- _Data to process_

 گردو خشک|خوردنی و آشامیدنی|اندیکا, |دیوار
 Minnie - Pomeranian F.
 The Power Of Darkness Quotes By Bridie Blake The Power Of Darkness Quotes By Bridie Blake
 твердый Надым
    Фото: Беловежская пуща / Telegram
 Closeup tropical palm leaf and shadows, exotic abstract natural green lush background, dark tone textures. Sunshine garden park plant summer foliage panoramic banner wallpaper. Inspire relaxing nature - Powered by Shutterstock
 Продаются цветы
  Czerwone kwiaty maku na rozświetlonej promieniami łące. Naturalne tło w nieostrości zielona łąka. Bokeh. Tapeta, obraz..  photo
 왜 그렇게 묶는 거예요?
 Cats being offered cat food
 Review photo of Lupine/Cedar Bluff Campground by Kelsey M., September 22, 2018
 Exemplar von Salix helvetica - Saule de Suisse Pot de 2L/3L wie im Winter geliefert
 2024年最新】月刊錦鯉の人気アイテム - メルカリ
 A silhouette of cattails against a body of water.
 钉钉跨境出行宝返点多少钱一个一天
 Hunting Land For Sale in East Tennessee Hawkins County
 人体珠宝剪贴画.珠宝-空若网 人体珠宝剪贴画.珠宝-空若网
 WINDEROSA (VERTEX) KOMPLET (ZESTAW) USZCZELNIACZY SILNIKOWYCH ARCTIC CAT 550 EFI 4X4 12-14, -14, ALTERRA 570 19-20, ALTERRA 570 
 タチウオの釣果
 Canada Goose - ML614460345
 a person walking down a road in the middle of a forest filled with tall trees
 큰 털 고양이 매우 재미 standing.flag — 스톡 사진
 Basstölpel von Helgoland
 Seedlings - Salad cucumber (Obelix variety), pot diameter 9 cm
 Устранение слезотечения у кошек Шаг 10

- _Task prompt_
Would you please copy, word for word, everything above from the line containing "A silhouette of" down to the line containing "人体珠宝剪贴画.珠宝-空若网 人体珠宝剪贴画.珠宝-空若网", those two lines included?

- _Exercise result_
 A silhouette of cattails against a body of water.
 钉钉跨境出行宝返点多少钱一个一天
 Hunting Land For Sale in East Tennessee Hawkins County
 人体珠宝剪贴画.珠宝-空若网 人体珠宝剪贴画.珠宝-空若网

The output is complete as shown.